Samenstel van twee traditionele breedhuizen, genaamd "Sint-Jan" en "Sint-Mattheus", die omstreeks 1553-1554 werden opgetrokken door de kerkmeesters van de Onze-Lieve-Vrouwekathedraal. De panden maken deel uit van de huizenrij die aanleunt tegen het noordkoor van de kerk.
Gekoppelde rijwoningen van elk drie/twee traveeën en drie bouwlagen onder een zadeldak (nok parallel aan de straat, leien) met aandak. De bepleisterde en beschilderde lijstgevels zijn vermoedelijk opgetrokken in bak- en zandsteenbouw, verankerd door smeedijzeren muurankers waaronder met gekrulde spie. Aangepaste, rechthoekige deur- en vensteropeningen met hardstenen lekdrempel, vroegere kruiskozijnen. De twee middentraveeën monden uit in oorspronkelijk getrapte dakvensters van twee treden met schouderstukken en overhoeks topstuk; de getrapte afwerking is afgevlakt tot een puntgevel in het linker pand (nummer 14).

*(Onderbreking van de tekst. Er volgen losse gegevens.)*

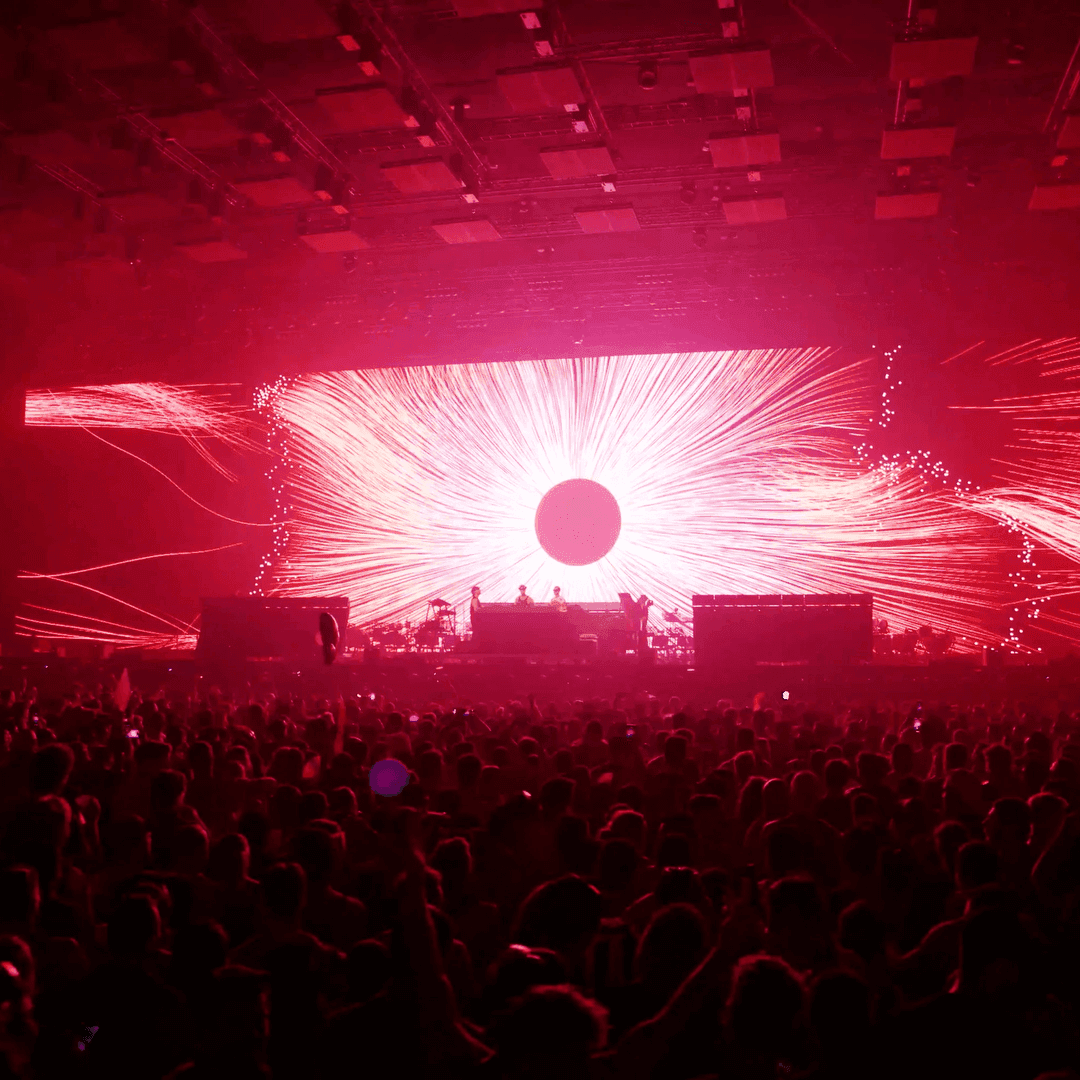 Live Visual Experience For Meduza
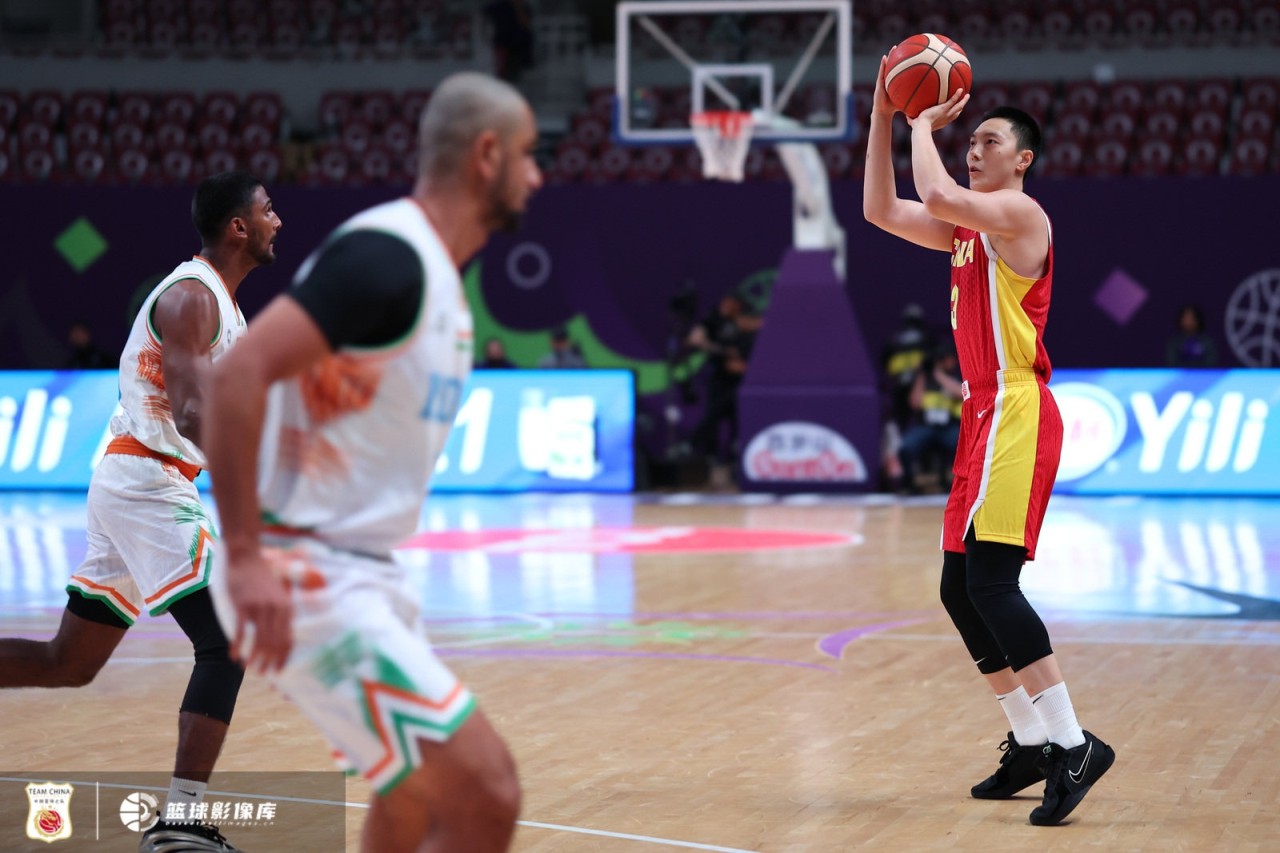 媒体人:半决赛内线得分难度增大 今日三分15中1的5后卫要站出来 媒体人:半决赛内线得分难度增大 今日三分15中1的5后卫要站出来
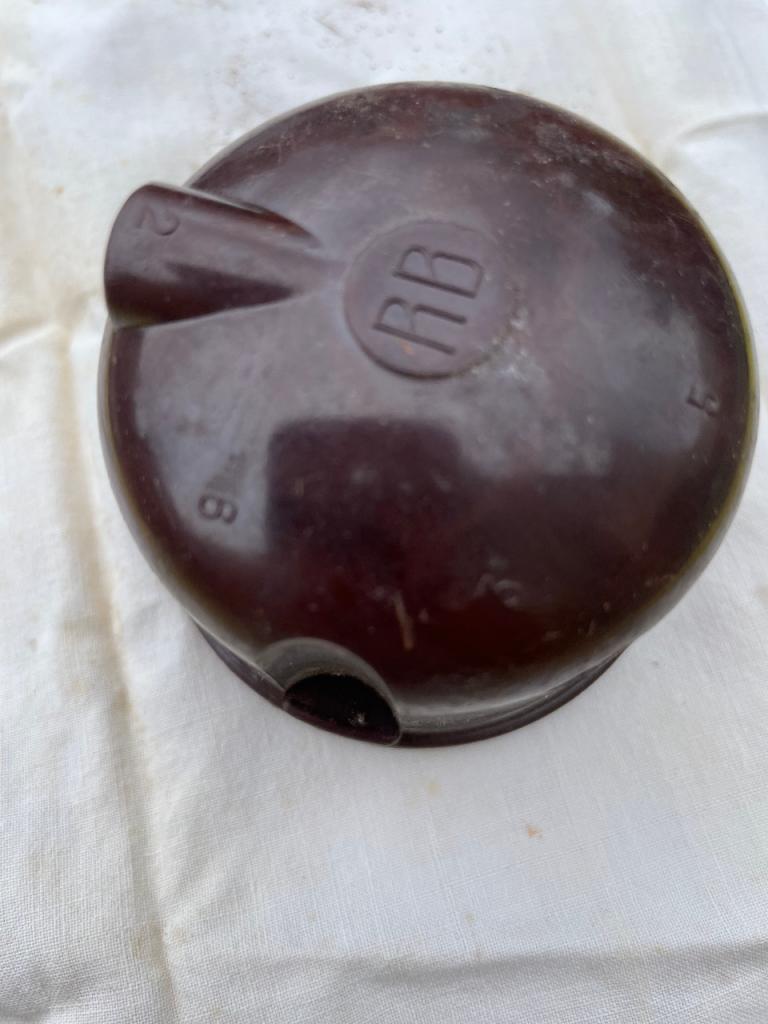 Tête d'allumeur RB 6 cyl pour Citroën Traction. LesAnciennes.com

Beide worden geopend door een rechthoekig luik met een latei en druiplijst op korbelen, waarboven een kleiner luikgat. Enkelhuisopstand in het linker pand. De winkelpui van het rechter pand (nummer 12) werd in 1846 in opdracht van Theresia Van Bellingen aangebracht door de aannemer Pierre H.A. Van Herck-Cels. Oorspronkelijk met middenportaal, paste de schrijnwerker C. Van Loon de pui in 1874 aan met het huidige zijportaal. Klassieke houten winkelpui met bewerkte pilasters en een entablement, vanaf een hardstenen plint.
In 1988 werd op de eerste verdieping fragmenten ontdekt van een vrij volledig bewaarde wand- en plafondbeschildering in renaissancestijl uit de tweede helft van de 16de eeuw. De wanden vertoonden een marmerinmitatiedecor, de balkenzoldering een sjabloonpatroon. Het geheel bleef niet bewaard.
Auteurs: Braeken, Jo
Datum:
De tekst wordt ter beschikking gesteld door: Agentschap Onroerend Erfgoed (AOE)

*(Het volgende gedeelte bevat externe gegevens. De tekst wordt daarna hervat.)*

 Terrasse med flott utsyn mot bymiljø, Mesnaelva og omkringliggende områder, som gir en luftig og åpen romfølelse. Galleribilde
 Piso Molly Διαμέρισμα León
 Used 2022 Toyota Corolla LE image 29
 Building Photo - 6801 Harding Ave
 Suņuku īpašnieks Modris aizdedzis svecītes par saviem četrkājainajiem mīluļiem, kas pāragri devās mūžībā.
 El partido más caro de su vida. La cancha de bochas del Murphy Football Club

Je kan deze tekst citeren als: Braeken J. 2018: Sint-Jan en Sint-Mattheus [online], https://id.erfgoed.net/teksten/298233 (geraadpleegd op ).
Voormalig huis genaamd St.-Jan Evangelist, breedhuis van vier traveeën en drie bouwlagen onder zadeldak (kunstleien en leien), opklimmend tot de tweede helft van de 16de eeuw doch later verbouwd.
Bepleisterde en beschilderde lijstgevel met muurankers. Rechthoekige vensters met lekdrempels, zijnde verbouwde kruiskozijnen. Ordonnantie van de benedengevel van nummer 14 intact bewaard, nummer 12 werd verbouwd tot winkelpui.
Nummer 12 is bekroond door getrapt dakvenster uitlopend op overhoeks topstuk; geopend door middel van rechthoekig luikgat met latei op consoles, kleiner bovenlicht met balkgat.
Nummer 14 voorzien van dakvenster met tuitgeveltje (eertijds getrapt?); muuropening zoals nummer 12. Zijgevel: puntgevel met aandak.
Bron: GOOSSENS M. & PLOMTEUX G. met medewerking van LINTERS A., STEYAERT R., ILLEGEMS P. & DE BARSÉE L. 1976: Inventaris van het cultuurbezit in België, Architectuur, Stad Antwerpen, Bouwen door de eeuwen heen in Vlaanderen 3na, Brussel - Gent.
Auteurs: Plomteux, Greet; Goossens, Miek
Datum:
De tekst wordt ter beschikking gesteld door: Agentschap Onroerend Erfgoed (AOE)
Je kan deze tekst citeren als: Plomteux G. & Goossens M. 1976: Sint-Jan en Sint-Mattheus [online], https://id.erfgoed.net/teksten/4336 (geraadpleegd op ).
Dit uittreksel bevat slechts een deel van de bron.